The GastroData Study

Visit

 

www.gastrodata.org

 

for detailed information on the GastroData project. The project envisages a Retrospective study (now completed and covering the years 2017 and 2018) and a Prospective study (currently ongoing and covering the years 2019 and 2020).

 

The findings of our Retrospective study are going to be published soon in Annals of Surgery (2020)

 

G L Baiocchi, S Giacopuzzi, D Reim, G Piessen, P Matos da Costa, J V Reynolds, H-J Meyer, P  Morgagni, I Gockel, L Lara Santos, L S Jensen, T Murphy, D D’Ugo, R Rosati, U Fumagalli Romario, M Degiuli, W Kielan, S Moenig, P Kołodziejczyk, W Polkowski, M Pera, P M Schneider, B Wijnhoven, W O de Steur, S S Gisbertz, H Hartgrink, J W van Sandick, M Botticini, A H Hoelscher W Allum, G De Manzoni. "Incidence and Grading of Complications after Gastrectomy for Cancer Using the GASTRODATA Registry. A European Retrospective Observational Study." Annals of Surgery (2020).
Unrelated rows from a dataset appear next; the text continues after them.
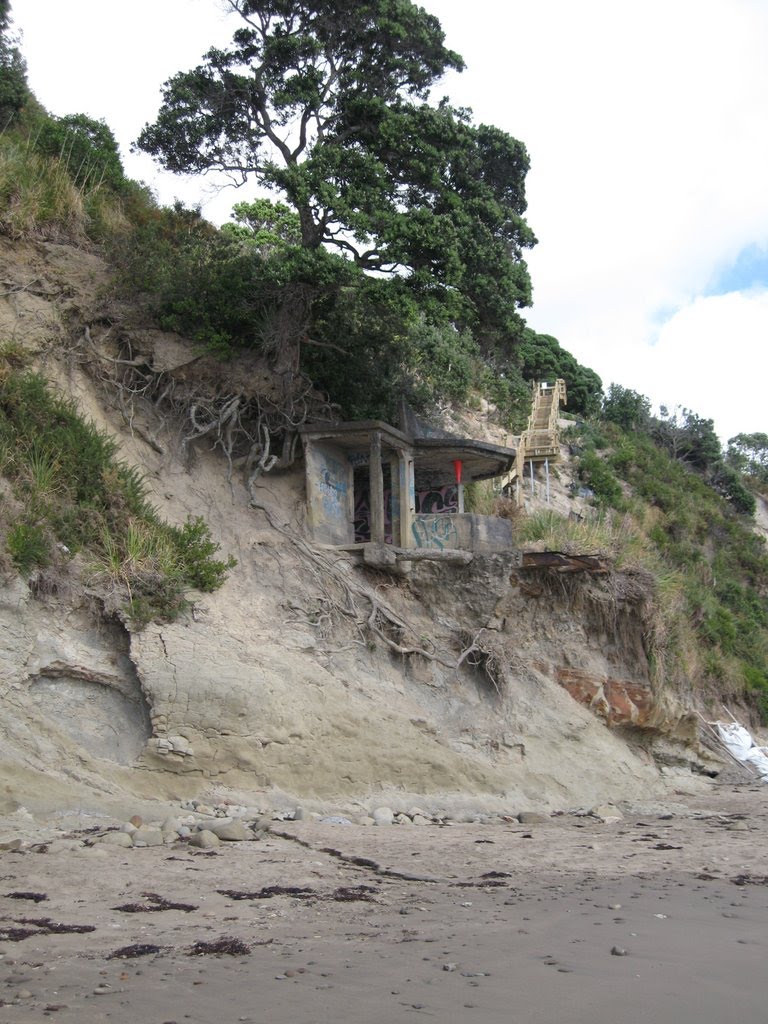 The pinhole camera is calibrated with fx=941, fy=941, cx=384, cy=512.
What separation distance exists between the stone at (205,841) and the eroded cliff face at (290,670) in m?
1.50

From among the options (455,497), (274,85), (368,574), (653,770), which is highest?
(274,85)

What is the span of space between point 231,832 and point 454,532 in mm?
7015

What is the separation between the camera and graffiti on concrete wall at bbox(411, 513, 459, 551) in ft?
48.7

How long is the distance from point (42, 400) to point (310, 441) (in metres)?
4.04

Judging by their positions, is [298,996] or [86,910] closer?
[298,996]

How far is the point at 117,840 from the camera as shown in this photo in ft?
27.3

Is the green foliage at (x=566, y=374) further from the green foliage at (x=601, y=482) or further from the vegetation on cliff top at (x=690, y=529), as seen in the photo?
the green foliage at (x=601, y=482)

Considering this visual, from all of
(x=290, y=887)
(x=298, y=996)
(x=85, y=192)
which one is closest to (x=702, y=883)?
(x=290, y=887)

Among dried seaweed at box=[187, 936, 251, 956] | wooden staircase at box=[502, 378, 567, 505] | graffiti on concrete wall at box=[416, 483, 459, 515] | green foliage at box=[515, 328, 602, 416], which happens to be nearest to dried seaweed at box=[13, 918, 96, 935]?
dried seaweed at box=[187, 936, 251, 956]

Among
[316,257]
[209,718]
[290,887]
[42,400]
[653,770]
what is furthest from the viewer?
[653,770]

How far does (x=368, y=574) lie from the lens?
556 inches

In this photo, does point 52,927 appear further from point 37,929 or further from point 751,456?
point 751,456

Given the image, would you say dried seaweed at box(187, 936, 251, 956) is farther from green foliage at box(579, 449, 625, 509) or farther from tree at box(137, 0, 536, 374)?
green foliage at box(579, 449, 625, 509)

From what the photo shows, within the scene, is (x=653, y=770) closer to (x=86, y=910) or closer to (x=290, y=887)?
(x=290, y=887) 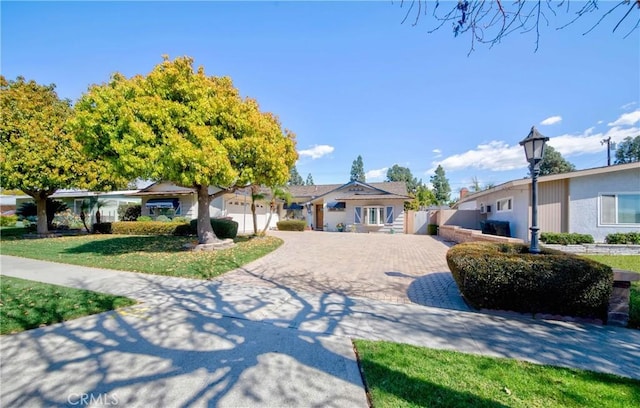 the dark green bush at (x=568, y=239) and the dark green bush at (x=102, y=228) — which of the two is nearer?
the dark green bush at (x=568, y=239)

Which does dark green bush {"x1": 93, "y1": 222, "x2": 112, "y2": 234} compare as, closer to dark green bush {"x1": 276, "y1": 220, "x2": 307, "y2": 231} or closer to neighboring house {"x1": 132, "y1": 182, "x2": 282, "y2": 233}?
neighboring house {"x1": 132, "y1": 182, "x2": 282, "y2": 233}

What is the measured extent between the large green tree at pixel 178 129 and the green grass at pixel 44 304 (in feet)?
14.1

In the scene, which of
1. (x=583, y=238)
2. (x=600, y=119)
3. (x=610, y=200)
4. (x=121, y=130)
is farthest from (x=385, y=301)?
(x=600, y=119)

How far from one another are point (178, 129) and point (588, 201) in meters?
17.0

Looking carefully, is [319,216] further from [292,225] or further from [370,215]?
[370,215]

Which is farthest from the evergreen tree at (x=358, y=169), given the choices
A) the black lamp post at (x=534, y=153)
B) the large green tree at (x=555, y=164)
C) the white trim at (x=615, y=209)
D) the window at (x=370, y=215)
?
the black lamp post at (x=534, y=153)

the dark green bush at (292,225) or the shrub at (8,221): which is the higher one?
the shrub at (8,221)

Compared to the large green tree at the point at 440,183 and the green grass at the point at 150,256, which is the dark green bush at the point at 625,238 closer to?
the green grass at the point at 150,256

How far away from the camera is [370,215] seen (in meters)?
23.1

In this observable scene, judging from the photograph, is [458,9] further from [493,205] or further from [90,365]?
[493,205]

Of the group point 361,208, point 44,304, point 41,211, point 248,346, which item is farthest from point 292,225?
point 248,346

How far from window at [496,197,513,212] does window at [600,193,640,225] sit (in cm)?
344

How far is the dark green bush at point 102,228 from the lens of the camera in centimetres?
1862

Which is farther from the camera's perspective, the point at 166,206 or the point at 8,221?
the point at 8,221
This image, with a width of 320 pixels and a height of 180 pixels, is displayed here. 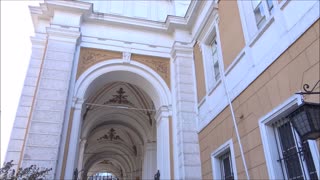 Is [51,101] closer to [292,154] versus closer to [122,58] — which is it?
[122,58]

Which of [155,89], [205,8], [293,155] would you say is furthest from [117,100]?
[293,155]

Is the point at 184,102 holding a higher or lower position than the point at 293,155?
higher

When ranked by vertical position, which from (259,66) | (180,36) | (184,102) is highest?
(180,36)

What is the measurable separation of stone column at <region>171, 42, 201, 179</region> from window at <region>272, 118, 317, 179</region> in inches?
135

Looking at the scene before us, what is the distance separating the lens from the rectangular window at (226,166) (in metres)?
6.95

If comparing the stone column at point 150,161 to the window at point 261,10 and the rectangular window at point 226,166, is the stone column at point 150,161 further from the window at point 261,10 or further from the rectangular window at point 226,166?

DOI: 10.1097/SLA.0000000000004341

 

The GastroData Project: Goals and Steps

 

Perioperative complications influence long- and short-term outcomes after gastrectomy for gastric cancer. The absence of a standardized system for defining and recording complications and quality measures after gastric resection has generated a wide variation in evaluating their impact on critical outcomes such as mortality, morbidity, early cancer recurrence, survival, readmission rates, length of hospital stay, costs and resource utilization, and quality of life.

 

To address this issue, in 2015 a group of European surgeons belonging to the European Gastric Cancer Association (ECGA) launched the project International Consensus on a Complications List after Gastrectomy for Cancer .

 

The newly established Gastrectomy Complications Consensus Group (GCCG) comprises 34 specialist gastric cancer surgeons from 13 European countries reflecting different health systems. Delphi surveys and group meetings were used to achieve a consensus on stardardized methods for defining complications and quality measures that can be collected in institutional databases and national audits.

 

In 2017, the first step of the project has delivered a consensus on a comprehensive list of items, including the name and definition of each complication. The proposed list of 27 defined complications, published in Gastric Cancer (2018, click here to download the article), represents the first step in developing an essential clinical tool for postoperative assessment of gastric cancer patients.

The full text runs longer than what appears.